Dini kitaplar,
bir coğrafyayı işgâl edip yaratılan modifiye bir tarih yazımı üzerinden
haydutluk yapabilmek için oldukça kullanışlıdırlar. Güney Afrika’yı işgâl eden
ve yerli halkı köleleştiren Bauerler, yaşadıkları yerlerin vaadedilmiş topraklar olduğuna inanıyorlar ve bu söylemlerini
Tevrat’a dayandırıyorlardı. İnsanlık için kabul edilemez bir ideoloji olduğu
söylenen –öyle olduğunu reddedemeyiz- Apartheid rejimi yıkılmışken, başka bir vaadedilmiş toprak üzerinde bir grup
kutsal insan cinayetler işlemeye devam ediyor.
Avrupa’nın gettolarına hapsedilen, Ortaçağ
İspanya’sından Çarlık Rusyası’na kadar sayısız sürgüne ve katliama, en sonunda Holocaust’a maruz kalan Yahudilerin,
Tevrat’taki vaadedilmiş topraklarda özgürce yaşamayı düşlemeleri şaşırtıcı
değildi. Ancak İsrail’in bugünlerde yaptıkları ne Yahudilerin yüzyıllardır
yaşadığı acılarla ne de bugünlerde ülkemizde de sıkça yayılan bir bilinç
bunalımı olan anti-semitizm ile
açıklanabilecek durumda değil.
Devletin kuruluşunu 1897’de Basel’de yapılan “Birinci
Siyonizm Kongresi”ne ve başta Theodor Herzl olmak üzere Yahudi fikir
adamlarının, Yahudilerin hayatta kalabilmesinin tek yolunun kutsal topraklara dönmek olduğu konusundaki
fikirlerine dayandırabiliriz. Holocaust’tan sonra dini ve milliyetçi fikirlerle
iyice bilenen göçmenler, varlıklarını sürdürebilmek için tek çarenin meşhur
kutsal ülkeyi kurmak olduğuna inanarak silahlı bir mücadeleye giriştiler. Ancak
girişilen bu mücadele bir bağımsızlık
savaşından çok, tarihi söylemlere dayanan bir işgal girişimiydi. Bölgedeki
Yahudi nüfusunun artması ve devletin meşruiyetinin sağlanması için
Filistinlilerin yok edilmesi gerekiyordu.

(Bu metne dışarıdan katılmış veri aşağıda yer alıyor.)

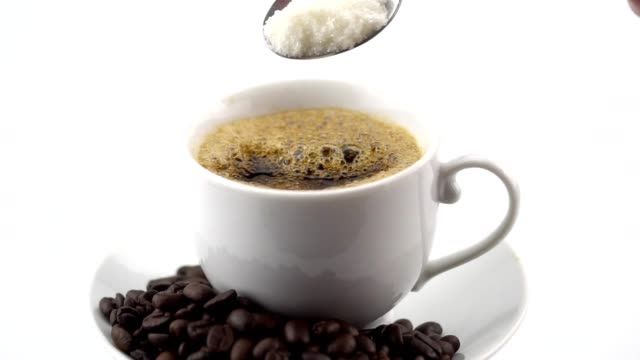 Pouring-sugar-into-black-coffee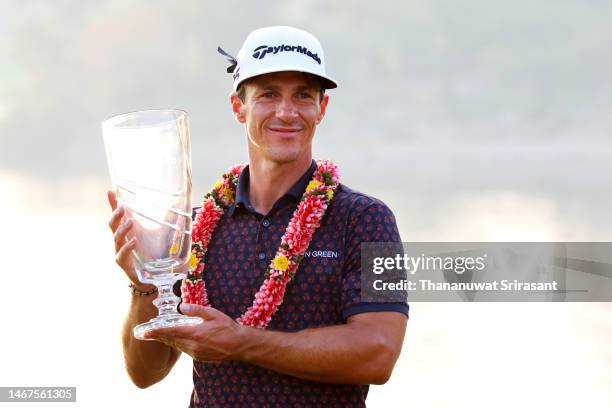 Thorbjorn Olesen of Denmark poses with the Thailand Classic Trophy after winning the Thailand Classic at Amata Spring Country Club on February 19,...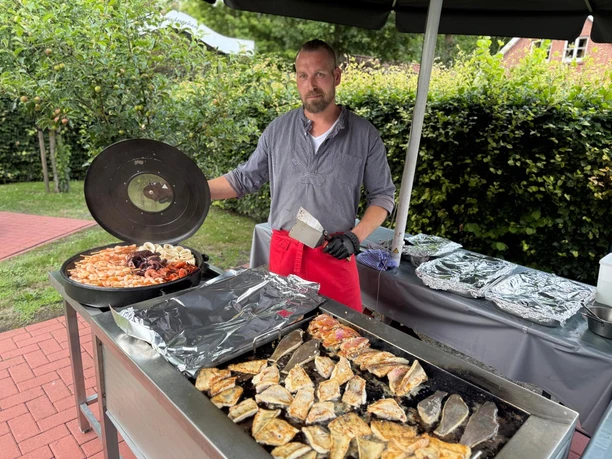 Fischauswahl Grillbuffet Hengstforder Mühle.jpeg Ein Koch bereitet bei einem Grillbuffet im Freien Fisch und Meeresfrüchte zu.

İsrail, bölgede bin yıldır yaşayan
Filistinliler hiç yokmuş gibi, buraların “Topraksız
İnsanlar İçin İnsansız Topraklar” olduğu söylenerek kuruldu. Vaadedilmiş
Topraklar hikayeleri üzerinden bir mitoloji yaratıldı ve Avrupa’nın çeşitli
yerlerinden gelen Yahudilerin, evlerine döndüğü, kendilerinin olan toprakları
geri aldıkları, Filistinlilerin ise topraklarını
gönüllü olarak terk ettikleri söylendi. Resmi ideoloji ve meşruiyet,
inanabilmek için ciddi bir bilinç yitimi gerektiren bu masallar üzerinde
şekillendi.
Bir çocuğu
gözünü kırpmadan öldürebilen İsrail askeri ya da Gazze bombalanırken şehri
izleyen tepelerde milliyetçi histeri nöbetleriyle dans eden İsrailli, kendisine
yaptığının sebebi sorulduğunda bir devletin katliam yasası hâline getirilmiş
dini hikayelerden bahsedecek, hatta kuşaklardır bu topraklar üstünde yaşayan
Filistinlilerin burada işgalci
olduğunu söyleyecektir. Belki de zihniyet olarak pek uzak olmadığı Nazilerden,
Engizisyon mahkemelerinde yakılan Yahudilerden ya da Eski Ahit’teki hikayelerde
İbrahim’in koyunlarını çalan Filistinlilerden bahsederek bu katliamları
meşrulaştıracaktır.
Sorun, bizzat İsrail’in temellerini
dayandırdığı söylemlerdedir. İsrail tıpkı Nazi ve Apartheid rejimleri gibi
üstünlükçü ve hastalıklı düşünceler üzerine kuruludur. Belli bir millete dahil
olmadıkları için insanların öldürülmesini meşru görmek hatta bir temizlik olarak algılamak ancak
milliyetçiliğin yarattığı halüsinasyonlar ile mümkün.